◆ INSTRUCTIONS FOR THE TASK
Look below for the line containing "Yard Force EW" and the line containing "Ichiban Kuji One", then set down both and every line between them exactly, without pictures.

◆ GIVEN RECORDS

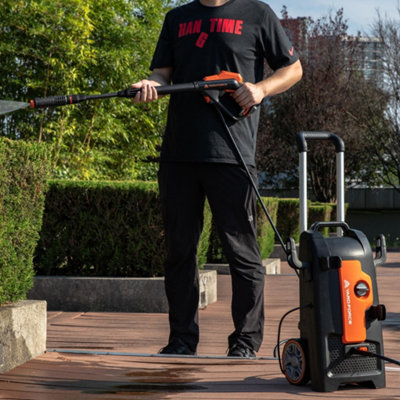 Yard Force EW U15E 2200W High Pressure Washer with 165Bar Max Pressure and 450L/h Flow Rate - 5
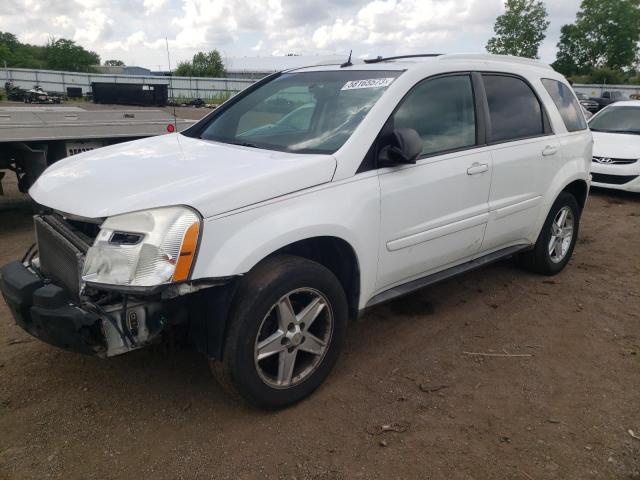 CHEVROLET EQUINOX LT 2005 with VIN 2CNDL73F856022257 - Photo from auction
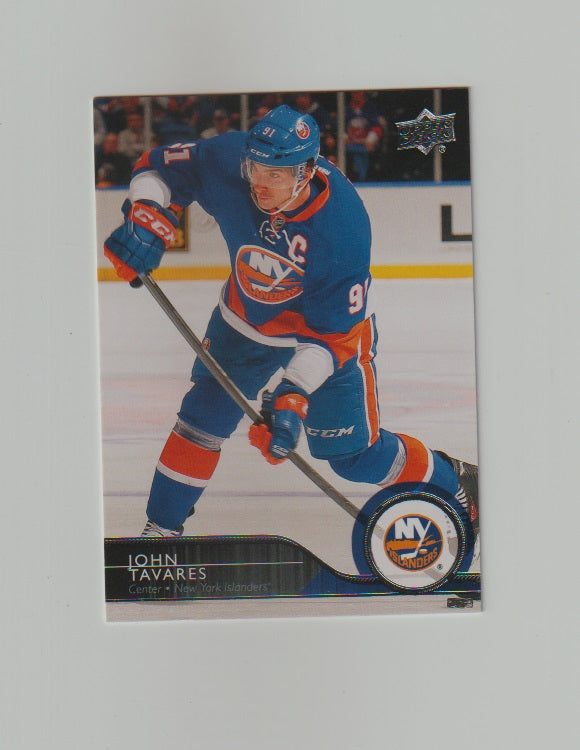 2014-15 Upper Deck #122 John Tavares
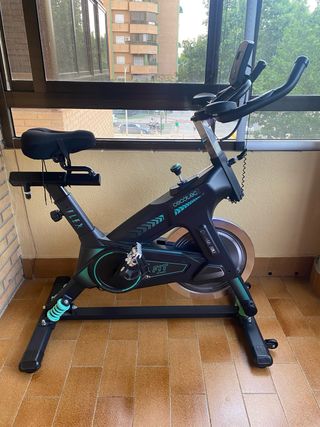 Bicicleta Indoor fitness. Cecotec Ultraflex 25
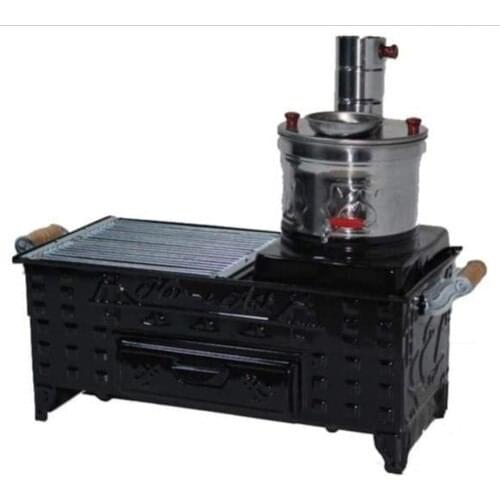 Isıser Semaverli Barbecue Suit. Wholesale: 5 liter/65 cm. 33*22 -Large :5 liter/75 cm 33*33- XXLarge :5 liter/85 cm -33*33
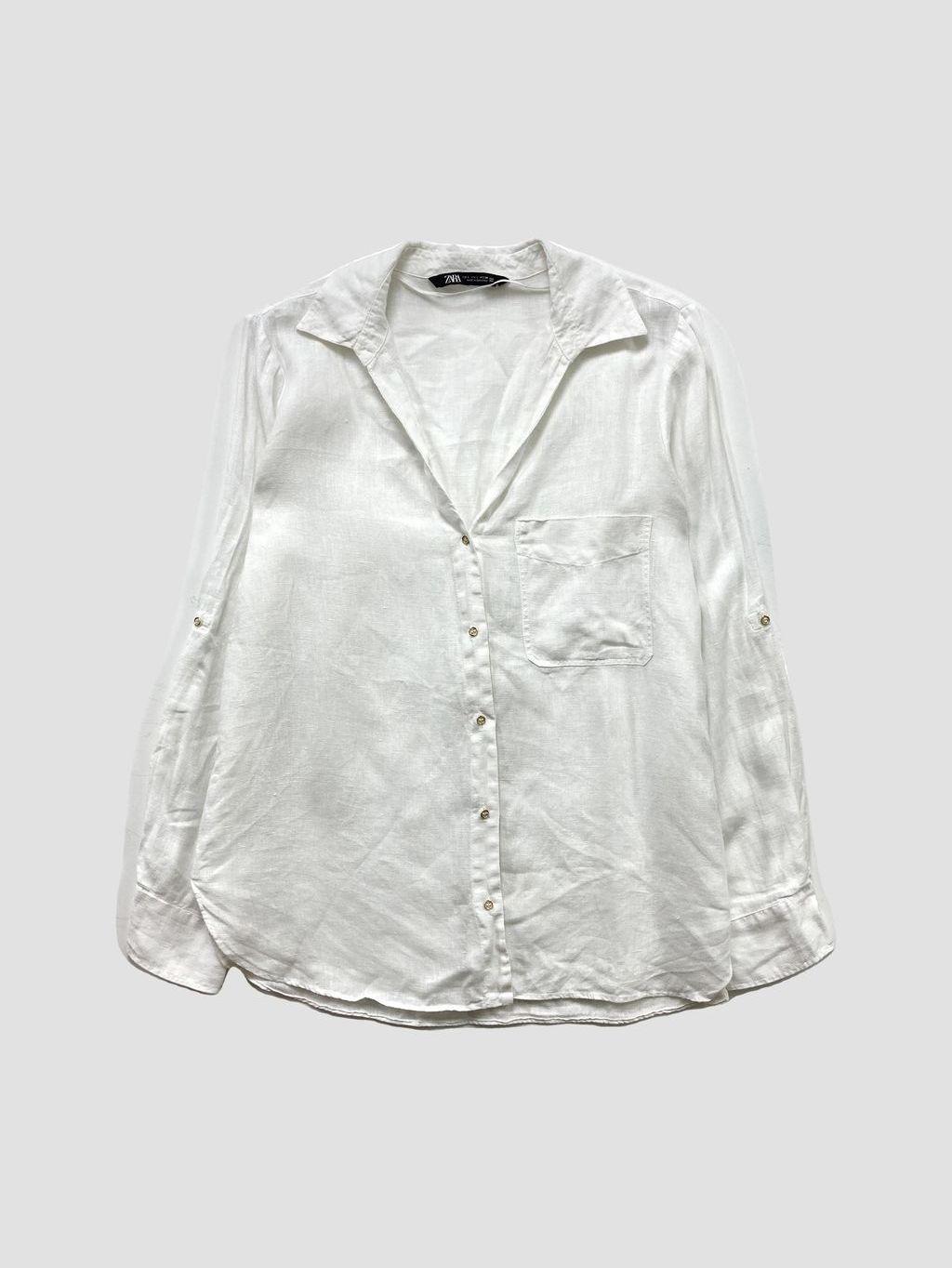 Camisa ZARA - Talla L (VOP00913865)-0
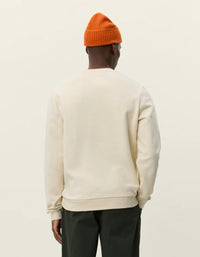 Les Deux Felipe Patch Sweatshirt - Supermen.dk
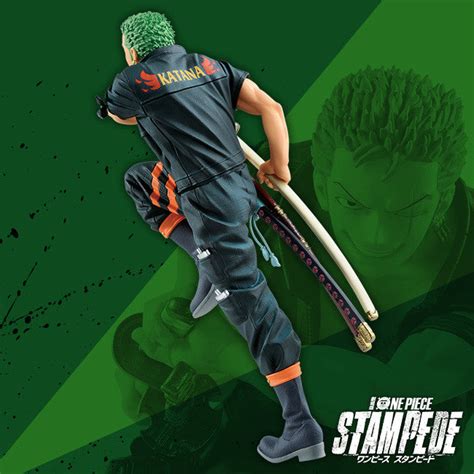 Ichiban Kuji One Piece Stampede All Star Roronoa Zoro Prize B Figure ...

--

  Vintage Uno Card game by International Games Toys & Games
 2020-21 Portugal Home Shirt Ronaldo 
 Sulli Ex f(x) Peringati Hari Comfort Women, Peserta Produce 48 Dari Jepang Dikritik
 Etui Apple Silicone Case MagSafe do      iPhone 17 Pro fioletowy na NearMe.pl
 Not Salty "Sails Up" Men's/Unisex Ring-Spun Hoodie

* * *

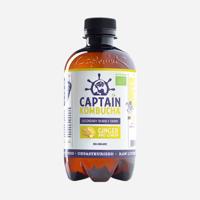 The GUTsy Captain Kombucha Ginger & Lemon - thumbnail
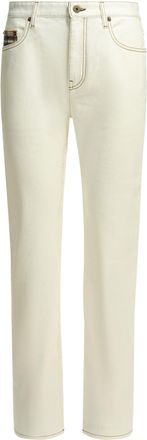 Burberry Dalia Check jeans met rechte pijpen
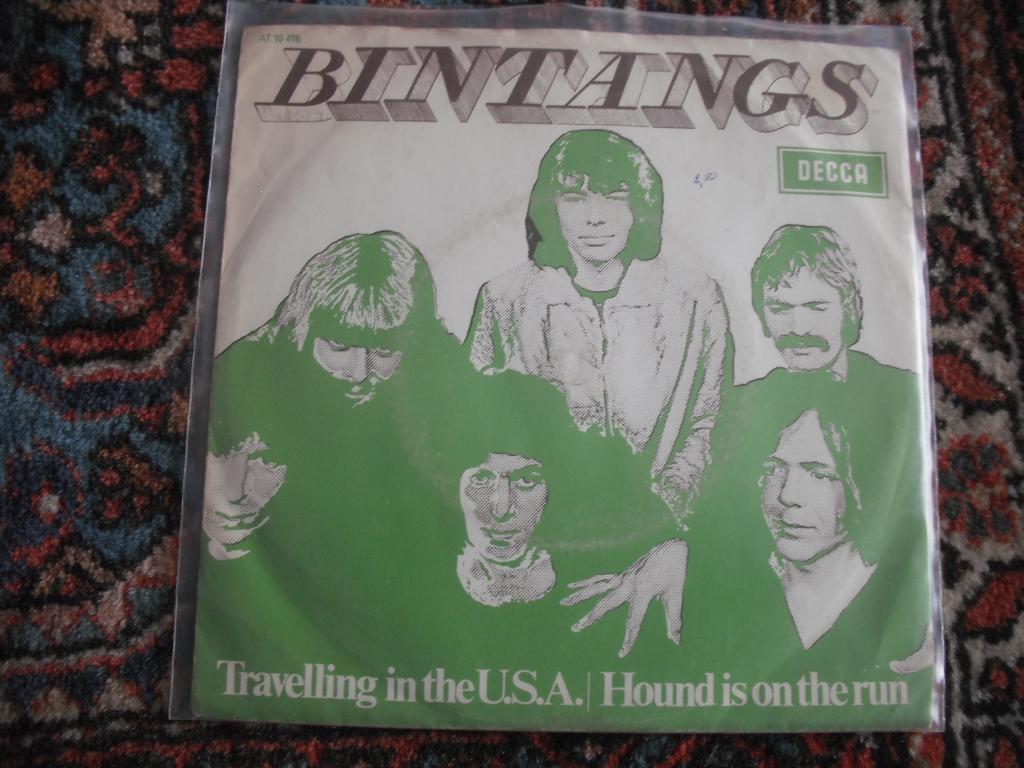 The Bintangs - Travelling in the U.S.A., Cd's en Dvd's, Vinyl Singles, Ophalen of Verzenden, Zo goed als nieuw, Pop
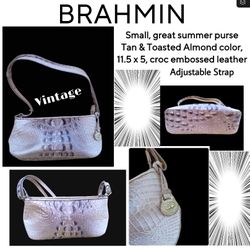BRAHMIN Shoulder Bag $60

◆ REPLY TO THE EXERCISE
 Yard Force EW U15E 2200W High Pressure Washer with 165Bar Max Pressure and 450L/h Flow Rate - 5
 CHEVROLET EQUINOX LT 2005 with VIN 2CNDL73F856022257 - Photo from auction
 2014-15 Upper Deck #122 John Tavares
 Bicicleta Indoor fitness. Cecotec Ultraflex 25
 Isıser Semaverli Barbecue Suit. Wholesale: 5 liter/65 cm. 33*22 -Large :5 liter/75 cm 33*33- XXLarge :5 liter/85 cm -33*33
 Camisa ZARA - Talla L (VOP00913865)-0
 Les Deux Felipe Patch Sweatshirt - Supermen.dk
 Ichiban Kuji One Piece Stampede All Star Roronoa Zoro Prize B Figure ...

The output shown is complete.